Por Alberto JIMÉNEZ URE
Infante inquisidor como fui,
Un día pregunté a mi madre
Por cuál causa las mujeres
[En la casa donde vivía y escuela]
No permitían que nadie, niño u hombre
Las acompañase a «retretes» o «excusados»:
Asegurándose hundirle bien
El botón a picaportes conforme
A sus totémicos aprendizajes.
-«Los chicos no tienen por qué saberlo»
-Con enfado y fastidio, sentenció.
Sublimaba a todas las féminas,
Y, formidablemente, a mi progenitora:
Por ello persuadí que ninguna orinaba:
Que con esa bochornosa
Necesidad fisiológica
De expulsar fluidos
Alguien sólo nos había
Hecho a los varones
para purgar alguna condena.
No sabía si a su imagen y semejanza,
Porque nunca me inquietaron
Las estupideces de origen teologal.
Empero, un sábado cualquiera,
Vi un grupo de niños disputarse
La mejor posición para mirar
Hacia el interior de una karpa
Que alguien había armado
En uno de los campos de golf,
Rigurosamente podados,
Como parte de traspatios
Residenciales a la usanza yanki:
Construidos por la transnacional
The Creole Petroleum Company.
De prisa, fui hacia allá.
Quise mirar lo que ellos
E, impactado [que,
Igual, presa del estupor]
Vi a quien fue mi primera novia
Sin su «short» ni pantaletita:
Orinaba en el césped, oculta
En la colorida tienda de campaña.
Despertándole una lascivia temprana
Al resto de mis compañeritos de escuela,
Pero deprimiéndome fatal y sempiternamente.

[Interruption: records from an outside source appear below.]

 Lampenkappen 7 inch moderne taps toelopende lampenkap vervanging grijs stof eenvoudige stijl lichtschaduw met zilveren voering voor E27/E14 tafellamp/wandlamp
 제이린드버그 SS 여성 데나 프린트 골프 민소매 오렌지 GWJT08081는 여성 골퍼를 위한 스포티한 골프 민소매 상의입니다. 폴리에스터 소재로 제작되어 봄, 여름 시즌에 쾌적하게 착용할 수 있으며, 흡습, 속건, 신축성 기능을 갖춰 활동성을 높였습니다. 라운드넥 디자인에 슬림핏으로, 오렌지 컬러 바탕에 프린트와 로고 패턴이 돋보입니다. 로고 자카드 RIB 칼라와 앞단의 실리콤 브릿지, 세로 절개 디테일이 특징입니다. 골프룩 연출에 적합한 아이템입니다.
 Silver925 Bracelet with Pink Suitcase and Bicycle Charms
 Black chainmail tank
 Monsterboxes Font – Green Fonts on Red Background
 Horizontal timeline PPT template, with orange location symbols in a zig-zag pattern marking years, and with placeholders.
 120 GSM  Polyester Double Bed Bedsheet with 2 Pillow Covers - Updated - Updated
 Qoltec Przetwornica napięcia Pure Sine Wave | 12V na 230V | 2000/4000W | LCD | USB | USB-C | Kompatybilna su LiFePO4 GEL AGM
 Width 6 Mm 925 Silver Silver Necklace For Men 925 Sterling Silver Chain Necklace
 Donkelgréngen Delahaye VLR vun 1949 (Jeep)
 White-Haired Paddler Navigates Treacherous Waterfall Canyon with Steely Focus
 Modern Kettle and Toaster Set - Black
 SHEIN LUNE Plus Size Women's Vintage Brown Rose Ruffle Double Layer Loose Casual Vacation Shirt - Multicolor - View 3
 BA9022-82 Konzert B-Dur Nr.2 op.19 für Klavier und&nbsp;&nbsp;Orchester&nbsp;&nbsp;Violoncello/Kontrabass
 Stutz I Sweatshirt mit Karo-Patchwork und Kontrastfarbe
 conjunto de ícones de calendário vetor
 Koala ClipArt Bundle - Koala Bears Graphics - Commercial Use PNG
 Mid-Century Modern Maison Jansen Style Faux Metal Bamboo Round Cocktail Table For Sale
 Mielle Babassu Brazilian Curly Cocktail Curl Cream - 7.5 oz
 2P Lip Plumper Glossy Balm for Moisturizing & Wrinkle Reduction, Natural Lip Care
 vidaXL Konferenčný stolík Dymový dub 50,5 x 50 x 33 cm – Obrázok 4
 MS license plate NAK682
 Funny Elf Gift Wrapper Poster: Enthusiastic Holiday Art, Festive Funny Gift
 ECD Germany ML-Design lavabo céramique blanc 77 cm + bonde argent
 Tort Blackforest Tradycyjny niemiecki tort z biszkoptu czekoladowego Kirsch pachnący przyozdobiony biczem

Ese día aprendí no sublimar,
Sino aceptar que la realidad
Debía regir mis razonamientos:
Y, jamás, los anhelos impulsados
Por la imaginación distinta de un
Obviamente precoz hacedor de ficciones.
En el curso de mi existencia,
He seguido amándolas, divina, afortunada
Y profundamente: porque no son santas ni yo
Pontifex cuando el sexo altera nuestros sentidos.